In order to run offloading vio, you need the following extra dependecies

sudo add-apt-repository ppa:ecal/ecal-latest
sudo apt-get update
sudo apt-get install ecal
sudo apt-get install libprotobuf-dev protobuf-compiler

Please refer to the README in tcp_network_backend for setting the server and client IP address and port number.

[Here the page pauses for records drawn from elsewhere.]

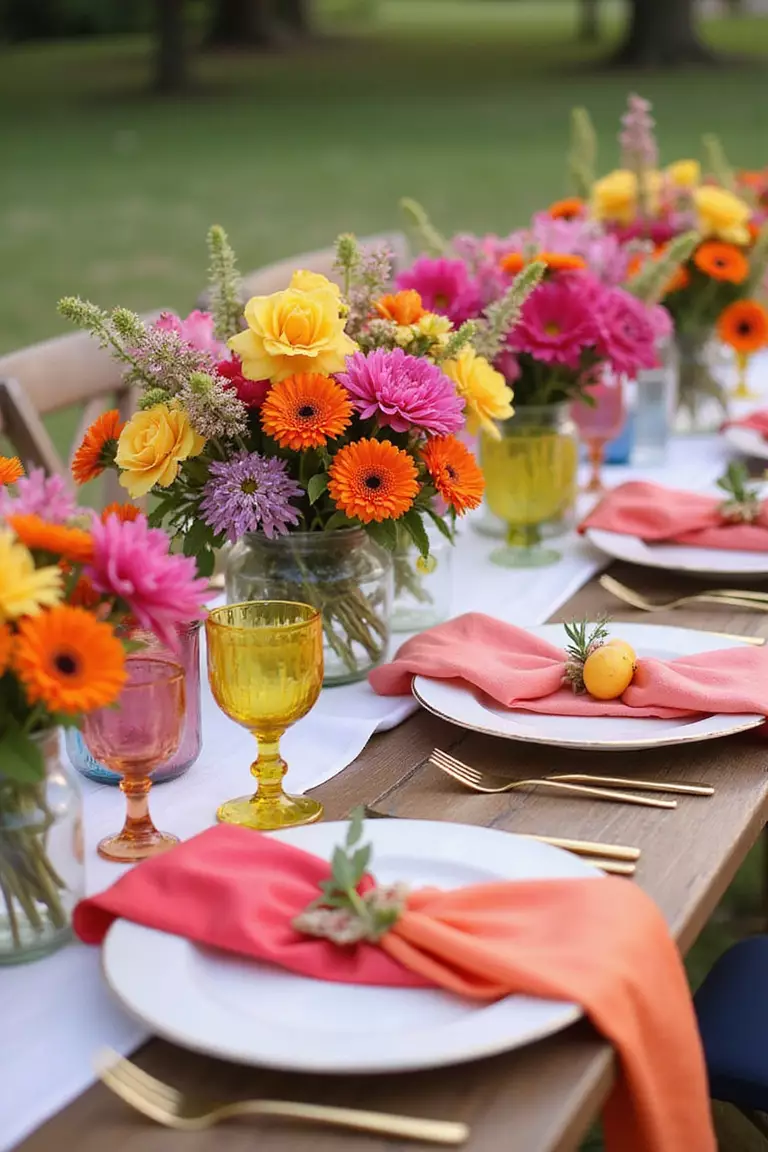 Use Bright And Bold Colors A professional photo, similar to a photo in a wedding magazine, of a vibrant summer wedding tablescape featuring hot pink, orange, and yellow flowers, colorful napkins, and bright glassware.
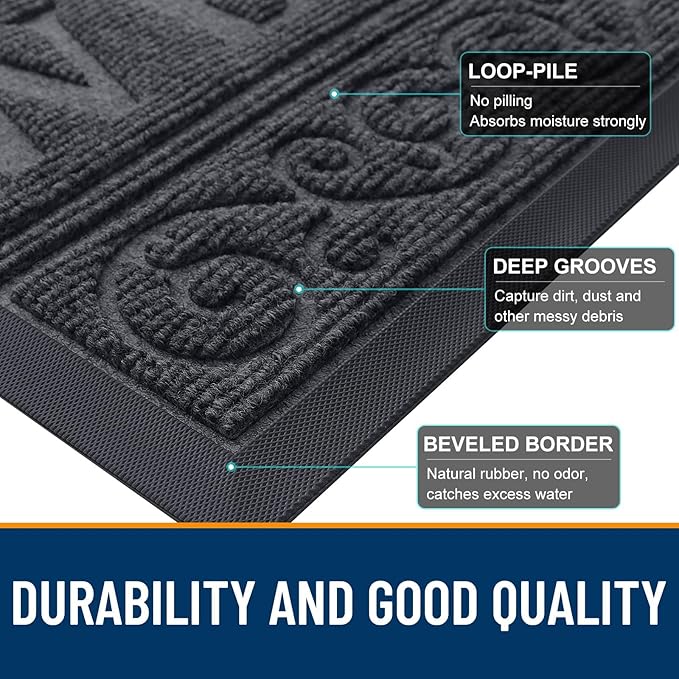 OLANLY Welcome Door Mat Indoor Outdoor Entrance, Heavy Duty Sturdy Front Door Mat, Waterproof All-Weather Doormat, Stain Resistant, Low Profile, Easy Clean Patio Entryway Mat, 59 x 35, Medium Grey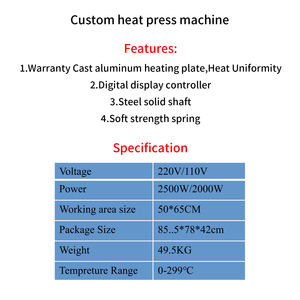 Máquina de prensa de calor para camisetas personalizadas de 50*65cm con giro de 360 grados, impresora digital de sublimación para impresión de prendas DIY - Product Image 2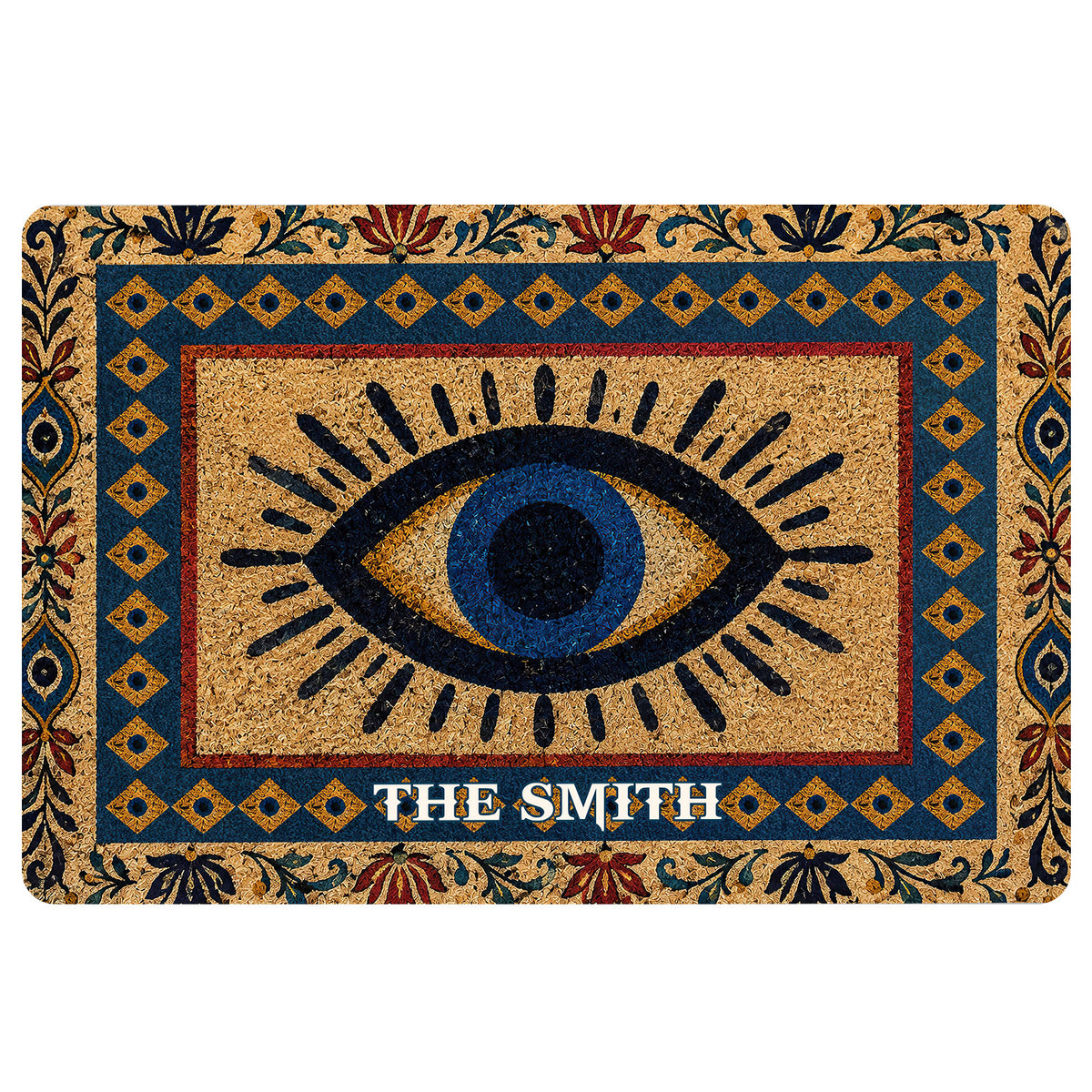Evil eye doormat with a blue and gold eye motif, geometric border, and ornate floral pattern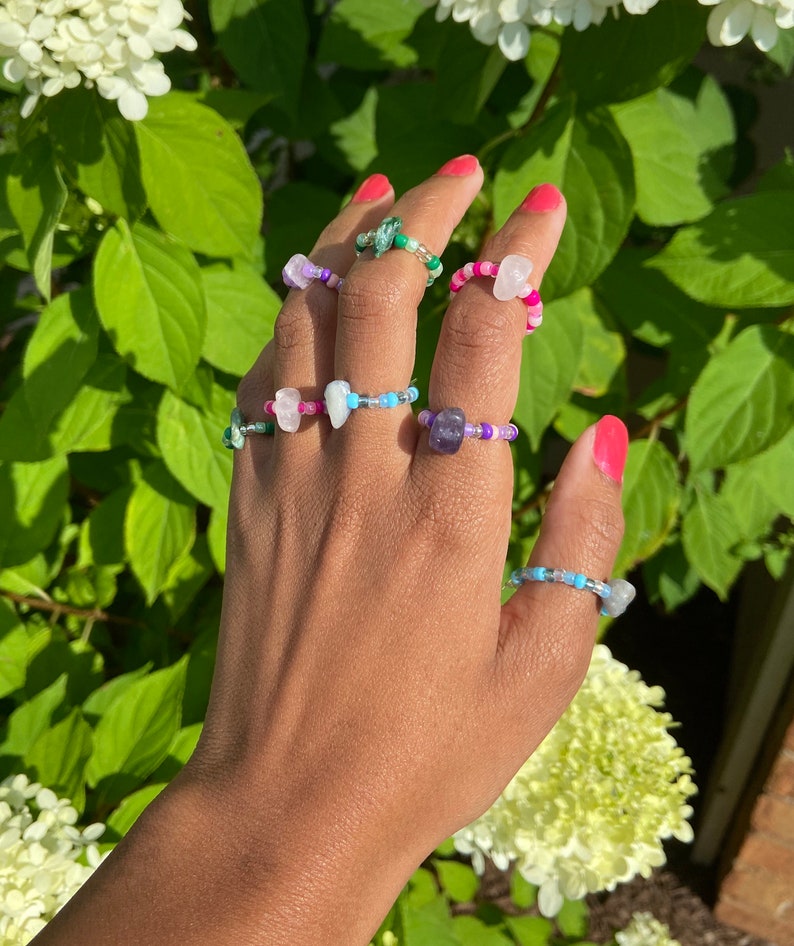 Beaded gemstone rings gemstones colorful stone rings rings beads adjustable rings gift ideas gifts for ring lovers for her image 3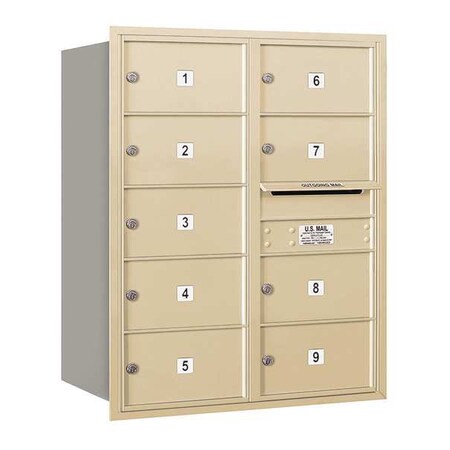 Salsbury Industries Horizontal Mailbox, Sandstone, Powder Coated, 9 Doors, Recessed, MB2 3710D-09SRU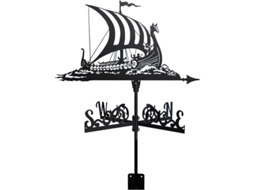 2026 veleta de Metal para Jardín Y Exteriores Linjou Barco Vikingo Indicador de Dirección Del Viento Decoración Exterior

The most simple example is running the offloaded setup on one machine with the server running in one terminal and the device running in a different terminal. Each terminal must be running from separate ILLIXR repositories (clone ILLIXR twice to different locations; running both the server and device from the same ILLIR repository will cause lock issues).

Start the server using

main.opt.exe --yaml=profiles/offload_vio_server.yaml --data=<> --demo_data=<>

in one terminal and

main.opt.exe --yaml=profiles/offload_vio_device.yaml --data=<> --demo_data=<>

in the other terminal for the client. This will run OpenVINS on the server and will feed it with the EuRoC dataset ( replace <> in --data with data) from the device.

To run the client and server on different machines, please again refer to the README in tcp_network_backend for setting appropriate server IP address and port number.

Compression

H.264 codec is supported for compressing the camera images to save bandwidth. To enable compression, define USE_COMPRESSION in device_tx/plugin.cpp and server_rx/plugin.cpp (defaulted to not enabled). In device_tx/video_encoder.cpp and server_rx/video_decoder.cpp, define appropriate image dimensions and desired target bitrate (defaults to 5Mbps). The codec library is implemented based on GStreamer and DeepStream. Please follow the instructions here to install GStreamer and DeepStream SDK. You don't have to reinstall CUDA and NVIDIA Driver if you have a relatively new version. TensorRT and librdkafka are not required either.